Tzetchil's lips slithered back in a toothy smile.

"Well, that's what you get when you have a vampiric dragon as the head of your pantheon," she said. "Ah, I remember when I had the blood of a slave as both breakfast and dinner, and all I had to do was a little weather manipulation to make sure the rain fell on time. Those were the days."

"What happened to them?" Yuluman asked.

"We grew too large for our own good," Tzetchil said. She gestured to the wall of greenery beyond the remnants of Tzetchilan. "All of that jungle out there soaked up most of the rainfall in the wet season, but once we cut too much of it away the water had nowhere to go but into the city. Nobody wanted to live in a city that flooded as badly as Tzetchilan did. So one by one, they left. After a few generations there was nobody here but me."

"I thought you said you controlled the weather," Yuluman said.

Tzetchil chuckled at that.

"It's far easier to make it rain in a monsoon season than it is to stop it from raining," she said. "None of my people ever really realised that, though I wasn't going to disillusion them any time soon, and I kept the knowledge of weather magic to myself so I would always be needed. In many ways, I suppose I've got nobody to blame for my downfall but myself."

She glanced over at Yuluman.

"So, Angel of Lost and Forgotten Things," she said. "What does the future hold for you?"

"Much of the same," Yuluman said. "Making sure things that should be lost stay lost, hiding that which need to be hidden."

"Of course," Tzetchil said. "How is Mad Hettie, by the way?"

"She is well," Yuluman answered. "Still quite deranged, though."

"As I thought. Still, be sure to give her my regards the next time you see her, one forgotten god to another, that sort of thing."

"Of course I shall," Yuluman said. "You know, you do possess wings of your own. I can't help but think it would be good for you to leave this place for a while. Brush off some of memory's dust. You're powerful enough to look after yourself, after all."

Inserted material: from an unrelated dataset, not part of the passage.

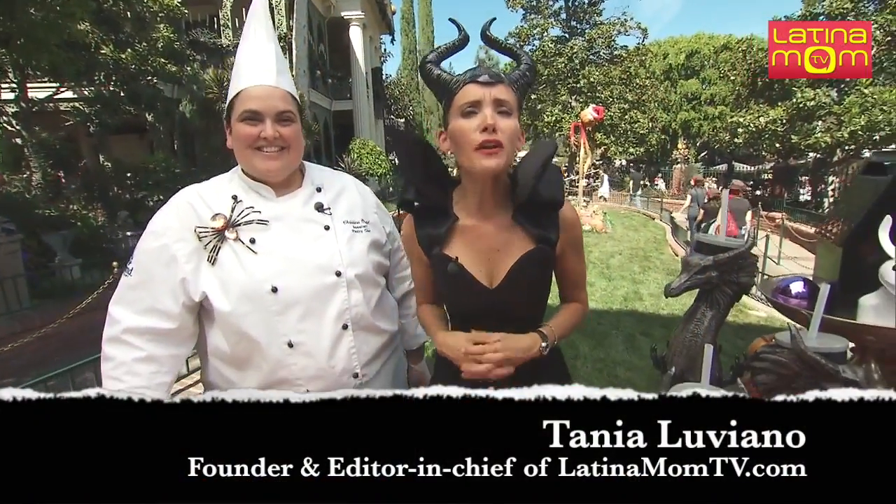I think Maleficent could use a little bit of sweet treats, and I am at the right place. We're going to make pumpkin...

The joints of Tzetchil's wings brushed the ceiling as she shrugged.

"Perhaps you're right," she said. "I just enjoy the good memories, that's all."

"If you say so," Yuluman conceded. He bowed low. "I must be gone, Tzetchil. Until we meet again."

Tzetchil nodded her great feathered head in farewell, and Yuluman stepped out of door of her home. With a beat of his patchwork wings, the angel was gone, a single scrap of paper all that marked his presence.

For a few minutes, Tzetchil reclined in her chamber, one eye half-open as she watched the sun trek upwards into the sky. She mulled over her conversation for a while, and she had to concede that she missed talking to people. She missed feeding on them, too; wild animals may have been nutritious enough to sustain her, but sentient beings had a much richer taste to them. Something about self-awareness gave blood a flavour that mere animals could not match.

Tucking her wings in close, Tzetchil half-crawled, half-slithered out of the doorway of her home. Rearing up on her tail, she spread her wings wide, feeling the wind ruffle her feathers. She twisted, facing towards the south, and with a beat that send a small gale blasting across the top of the ziggurat, she powered herself up into the air.

She would go south, she decided, and see what had become of Matlal and the civilised world beyond her dead and empty city.